Mireio celebrates ‘A year in provence’
MANILA, Philippines — When Mireio opened nearly a year ago at Raffles Makati, with its Provençal theme and Marcel Antonio mural and dishes from the south of France, it brought an exotic touch to downtown. This was an “upscale brasserie” that celebrated simple, earthy dishes and foods developed by Provençal chef Nicolas Cegretin (now preparing to transfer to a Fairmont hotel in Canada).
During the course of the year, Mireio expanded its menu to include classics like steak frites and more French-Mediterranean flavors from neighbors like Spain, Italy and North Africa.
Now, to celebrate its first anniversary, Mireio is going back to its roots, offering nine of its signature dishes at the very reasonable price of P365 each during a festival from Dec. 8 to 12 called, appropriately, “A Year in Provence.”
From 12 noon to 10:30 p.m. during those five days, guests can enjoy appetizers like the signature smoked salmon tartare with Granny Smith apple and Dijon mustard cream; classic tomato tart with clams and escargot, garnished with rocket salad and parmesan cheese; and soup of green lentil with pan-seared foie gras and truffle oil.
For the main course, choose from signature Mireio dishes like the very Provençal slow-cooked oxtail parmentier, traditional herb-crusted jackfish on ratatouille, and orzo with king prawns flambéed in Pastis and star anise cream.
For dessert, select from classic French pastries apple tart tatin topped with vanilla ice cream, lavender crème brûlée or 65 percent Maracaibo chocolate mousse with truffle and hazelnut crunch.
Raffles marketing and communications manager Monique Toda explains the concept: “We’re playing on the idea of the book A Year in Provence with the pricing (each generously portioned dish for the price of P365), of course, plus the anniversary. These nine dishes were the signature dishes we opened with and are our bestsellers.”
While Mireio began with a very specific concept — everything Provençal, from the chef to the ingredients to the art lining the walls leading upstairs to open-air bar The Terrace — it’s broadening its scope to allow more possibilities. Now, according to Raffles and Fairmont Makati food and beverage director Stephane Tremblay, “Everything goes — we can use spices and flavors from Italy, Spain, North Africa.”
Of course, according to Mireio restaurant manager Nicolas Bracq, “This doesn’t mean we will be serving a paella or a couscous, but we will bring ingredients from here and there, to give the menu more touches from around the Mediterranean Sea.” Think clams with Ras el hanout, a mix of spices from North Africa; tagliatelle pasta; various risottos, or calamari frites done with “touch of Provence”: special mayonnaise, bell pepper and thyme.
Says Tremblay, the core of Mireio will remain the dishes introduced by chef Cegretin, which are still popular sellers. “The DNA of Mireio is always the first, it’s the structure; we need to keep the DNA Provençal.”

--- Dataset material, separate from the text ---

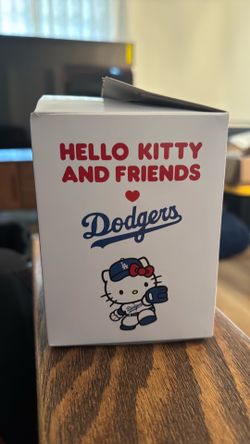 Hello kitty and friends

As the holidays roll around, Mireio also wants guests to celebrate. Following the popular “Champagne and Martinis in the City” happy hour — where guests enjoyed unlimited Champagne at the upstairs Terrace for P900 — Mireio is now holding “La Vie en Rosé,” another happy hour featuring — you guessed it — rosés from the South of France in tantalizing combinations such as Aperol Spritz with Prosecco; or Frosé, a refreshing slushy cocktail with rosé, vodka, lemon and pureed berry juice.
Says Bracq, “Guests are curious in general, so when they come here we try to teach them something outside their dining experience. It can be about the simple name ‘Mireio,’ which is linked to the Frederic Mistral poem; it can be linked to the Ayala Champagne we serve — people ask, ‘Is this owned by the Ayala family?’ No, not at all; this is owned by the Boulanger house in France.” Guests like details like this, and tell their friends.
While chef Cegretin transfers to Canada and Mireio expands its menu, Raffles and Fairmont Makati is expanding too: it’s hiring possibly Manila’s first female executive chef, Anne-Cécile Degenne, formerly at Sofitel Singapore and Saigon, who’s also appeared on Top Chef France Season 5. She will likely make the final choice on Mireio’s new permanent chef, who, according to Tremblay, doesn’t have to be from Provence, but he (or she) does have to be French: “We don’t mean to be picky — we would just be narrowing our selection — but it is open to French nationals.”
French to the core. Vive la difference.